Where a picture appears, skip it and copy everything else in the listing exactly.

DATA SEGMENT:
▼

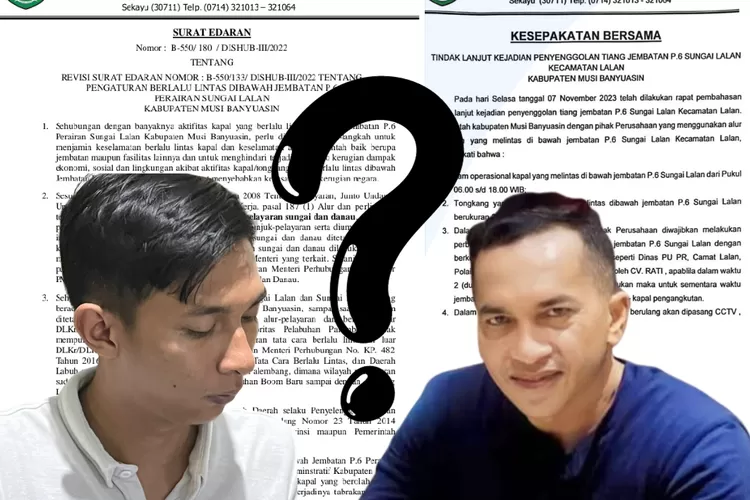 Koalisi Masyarakat Peduli Angkutan Sungai (KMPAS) (Dok Ist)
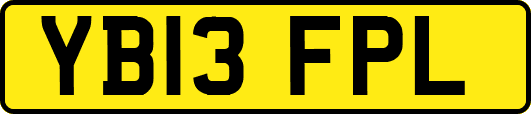 YB13FPL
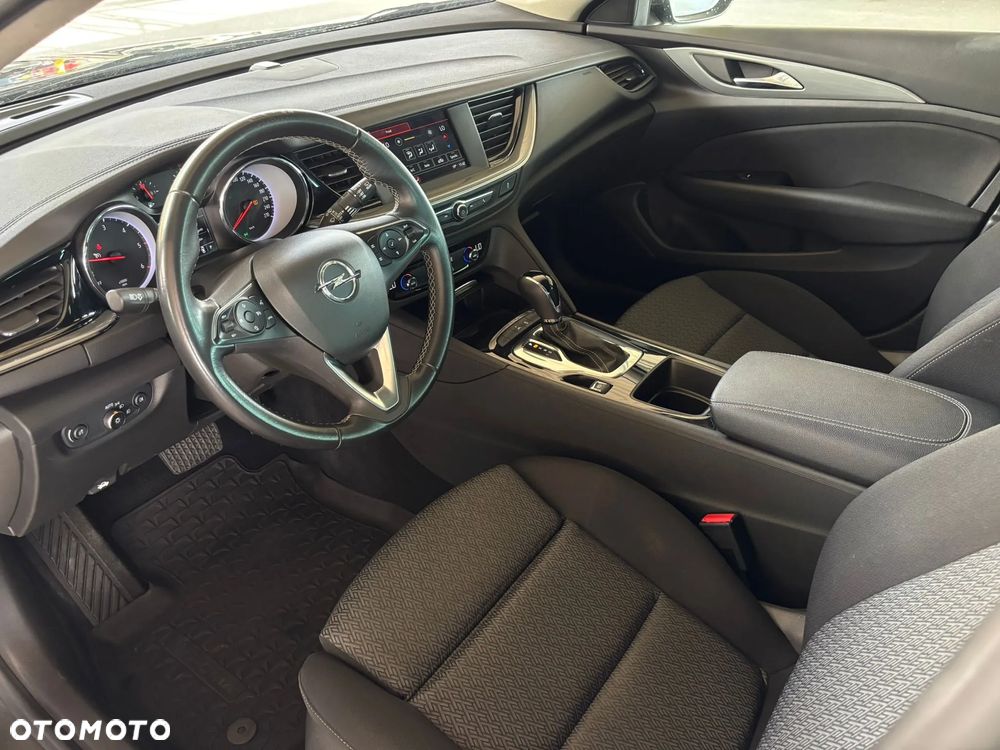 Opel Insignia 2.0 CDTI Enjoy S&S - 9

▲

RESPONSE TO THIS TASK:
 Koalisi Masyarakat Peduli Angkutan Sungai (KMPAS) (Dok Ist)
 YB13FPL
 Opel Insignia 2.0 CDTI Enjoy S&S - 9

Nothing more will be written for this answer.